Nesse sentido, observem-se o julgado abaixo, do Tribunal de Justiça de São Paulo sobre a classificação das obras e o quórum necessário para aquelas:
Tribunal de Justiça de São Paulo. Agravo de Instrumento. 0254275-95.2012.8.26.0000 – Relator: Carlos Henrique Miguel Trevisan – Comarca: São Paulo – Órgão julgador: 4ª Câmara de Direito Privado – Data do julgamento: 17/01/2013 – Data de registro: 18/01/2013 – Outros números: 2542759520128260000 – Condomínio. Ação de anulação de assembleia. Vícios de forma e conteúdo. Deliberações em afronta à convenção e ao ordenamento jurídico Questionamentos em relação ao quórum mínimo de votação. Decisão de primeiro grau que indefere pedido de tutela antecipada voltado a anular a assembleia. Agravo interposto pelo autor. Despesas a envolver, na maior parte, obras úteis, de caráter voluptuário e em áreas comuns. Quórum mínimo de votação desrespeitado. Inteligência do artigo 1.341, incisos I e II, e do artigo 1.342, ambos do Código Civil. Parcial presença dos requisitos legais da relevância das razões do recurso e do perigo de dano de difícil reparação. Situação de fato que enseja a concessão parcial da tutela antecipada. Agravo provido em parte.
O Sindico pode, inclusive, contar com a assessoria jurídica durante a assembleia para explicar as implicações normativas relacionadas aos danos, a responsabilidade de cada um, os riscos, a necessidade ou não de Alvará da Prefeitura para realização da obra, as normas de segurança, a necessidade ou não de projeto e ART ( Assinatura de Responsabilidade Técnica), a liquidez das empresas candidatas à execução da obra ( isso é muito importante para a questão da garantia na execução dos serviços) e, principalmente, sobre a necessidade ou não de contratação de seguro para obra.
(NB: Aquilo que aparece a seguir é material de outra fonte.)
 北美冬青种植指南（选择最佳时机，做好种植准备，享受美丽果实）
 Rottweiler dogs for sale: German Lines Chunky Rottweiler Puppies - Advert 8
É sempre importante estar atento às questões legais e normativas pré e pós contratuais. Já verificamos casos de grandes prejuízos diante da informalidade de procedimentos e das tentativas de economias que, ao final, geraram grandes “dores de cabeça”. Por isso, insistimos que antes de realizar uma obra, procure um advogado especialista nesta matéria, que seja da sua confiança, para que um parecer prévio possa, ao menos lhe gerar a segurança jurídica necessária para avançar nas etapas necessárias.